Records from a dataset
----------------

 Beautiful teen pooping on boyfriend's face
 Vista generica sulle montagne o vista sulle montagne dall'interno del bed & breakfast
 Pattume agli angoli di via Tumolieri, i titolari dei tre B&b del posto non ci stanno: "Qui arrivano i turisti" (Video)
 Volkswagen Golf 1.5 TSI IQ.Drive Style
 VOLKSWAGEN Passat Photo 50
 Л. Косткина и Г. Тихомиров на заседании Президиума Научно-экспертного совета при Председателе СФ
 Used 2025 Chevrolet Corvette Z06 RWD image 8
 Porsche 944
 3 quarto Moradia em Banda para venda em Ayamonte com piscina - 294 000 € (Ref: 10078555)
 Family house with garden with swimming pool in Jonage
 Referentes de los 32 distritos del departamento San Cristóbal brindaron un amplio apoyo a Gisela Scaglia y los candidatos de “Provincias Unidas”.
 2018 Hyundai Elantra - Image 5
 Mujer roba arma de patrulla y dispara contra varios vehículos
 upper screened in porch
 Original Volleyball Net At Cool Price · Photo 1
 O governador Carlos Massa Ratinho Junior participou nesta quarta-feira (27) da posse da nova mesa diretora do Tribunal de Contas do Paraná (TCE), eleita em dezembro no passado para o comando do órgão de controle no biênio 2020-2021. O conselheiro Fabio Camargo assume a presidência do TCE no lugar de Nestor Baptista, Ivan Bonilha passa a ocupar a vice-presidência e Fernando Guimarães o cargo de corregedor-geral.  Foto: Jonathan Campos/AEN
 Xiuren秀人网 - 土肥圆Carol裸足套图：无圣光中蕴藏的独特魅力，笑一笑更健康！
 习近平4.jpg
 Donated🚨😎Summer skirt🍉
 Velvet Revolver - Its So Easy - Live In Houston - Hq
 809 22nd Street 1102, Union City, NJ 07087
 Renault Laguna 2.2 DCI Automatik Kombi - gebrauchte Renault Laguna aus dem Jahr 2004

----------------

■ WHAT IS REQUIRED
The entries above must each be repeated exactly.

■ EXERCISE ANSWER
 Beautiful teen pooping on boyfriend's face
 Vista generica sulle montagne o vista sulle montagne dall'interno del bed & breakfast
 Pattume agli angoli di via Tumolieri, i titolari dei tre B&b del posto non ci stanno: "Qui arrivano i turisti" (Video)
 Volkswagen Golf 1.5 TSI IQ.Drive Style
 VOLKSWAGEN Passat Photo 50
 Л. Косткина и Г. Тихомиров на заседании Президиума Научно-экспертного совета при Председателе СФ
 Used 2025 Chevrolet Corvette Z06 RWD image 8
 Porsche 944
 3 quarto Moradia em Banda para venda em Ayamonte com piscina - 294 000 € (Ref: 10078555)
 Family house with garden with swimming pool in Jonage
 Referentes de los 32 distritos del departamento San Cristóbal brindaron un amplio apoyo a Gisela Scaglia y los candidatos de “Provincias Unidas”.
 2018 Hyundai Elantra - Image 5
 Mujer roba arma de patrulla y dispara contra varios vehículos
 upper screened in porch
 Original Volleyball Net At Cool Price · Photo 1
 O governador Carlos Massa Ratinho Junior participou nesta quarta-feira (27) da posse da nova mesa diretora do Tribunal de Contas do Paraná (TCE), eleita em dezembro no passado para o comando do órgão de controle no biênio 2020-2021. O conselheiro Fabio Camargo assume a presidência do TCE no lugar de Nestor Baptista, Ivan Bonilha passa a ocupar a vice-presidência e Fernando Guimarães o cargo de corregedor-geral.  Foto: Jonathan Campos/AEN
 Xiuren秀人网 - 土肥圆Carol裸足套图：无圣光中蕴藏的独特魅力，笑一笑更健康！
 习近平4.jpg
 Donated🚨😎Summer skirt🍉
 Velvet Revolver - Its So Easy - Live In Houston - Hq
 809 22nd Street 1102, Union City, NJ 07087
 Renault Laguna 2.2 DCI Automatik Kombi - gebrauchte Renault Laguna aus dem Jahr 2004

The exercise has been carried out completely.